Worse, the study found that under such abusive treatment, a prisoner became “malleable and suggestible, and in some instances he may confabulate.”


More here.

Okay, to a great extent, while quite interesting, this is all beside the point: it doesn't matter whether torture is "effective" or not; torture is immoral, something which, in theory, greatly differentiates us from terrorists. Having said that, this kind of incompetence is utterly par for the course.
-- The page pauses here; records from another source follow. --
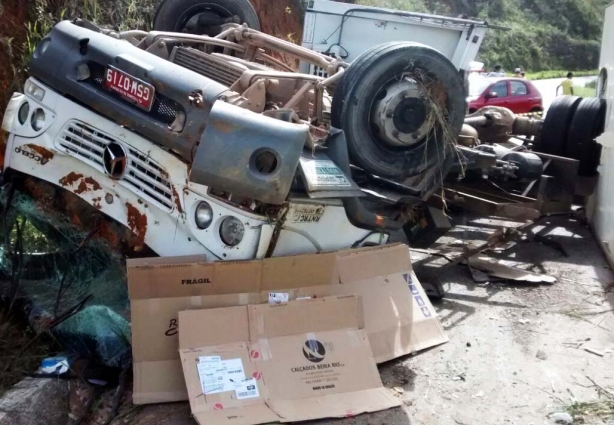 Um dos caminhões ficou de "cabeça para baixo" e seu motorista morreu na hora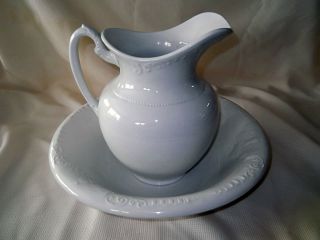 LARGE VINTAGE PRE 1920 WS GEORGE WHITE GRANITE PORCELAIN PITCHER AND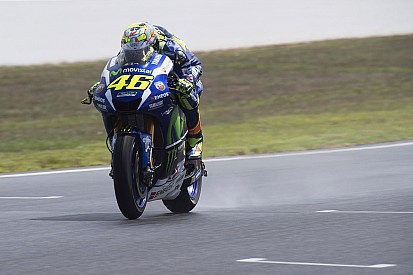 Após teste, Valentino Rossi passará a usar Yamaha híbrida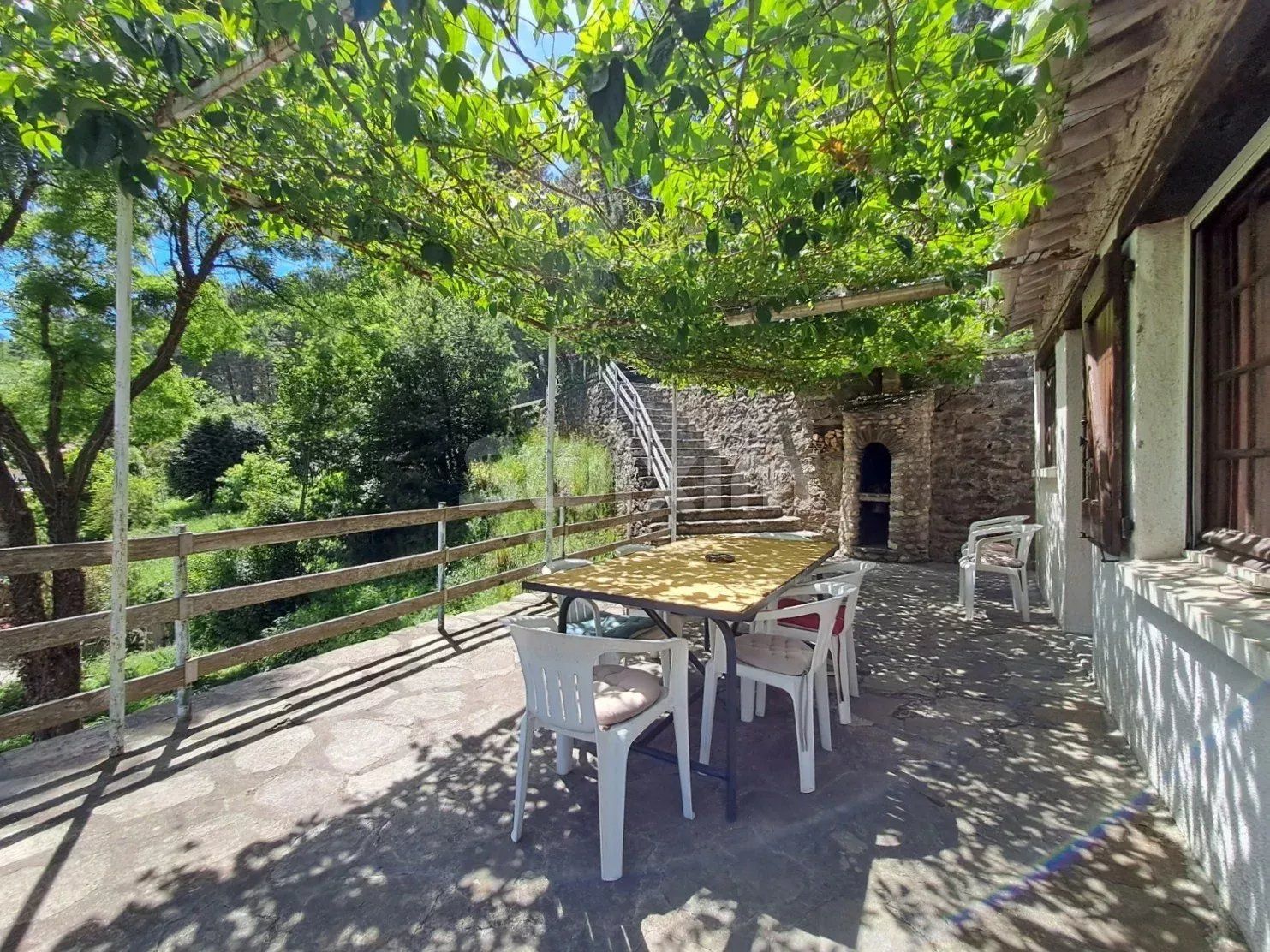 house 3 Rooms for sale on La Vernarède (30530)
Not long after the Abu Ghraib scandal hit the US press, at least one lefty writer observed that the kind of torture being used there and at Gitmo greatly resembled what the Chinese and North Koreans were doing back in the 50s to extract the above mentioned "false confessions." So it's been known, if not verified, for half a decade that the US has been using an "interrogation technique" purposely designed to elicit incorrect information. The only mystery has been how, exactly, such a strange and counterproductive program came to pass.

Now we know. Apparently, the whole attitude inside the White House was "we gotta torture; we gotta torture; who's got some torture for us?" In this atmosphere of panic-for-torture, it was easy for the first loud voice available to step up and command the discussion. Unfortunately, for the "grownups" of the Cheney administration, that voice turned out to be a whack-job psychologist who had been training US servicemen to resist Cold War style coercion. So we immediately went about using a torture technique absolutely guaranteed to get its victims to tell us what they thought we wanted to hear, rather than the truth.

I can't wait for the release of the memos Cheney is demanding that will show us all how his brutal torture regime "worked." My bet is that a lot of these guys confessed to kidnapping the Lindbergh baby and masterminding the Lufthansa heist. But I guess we'll see.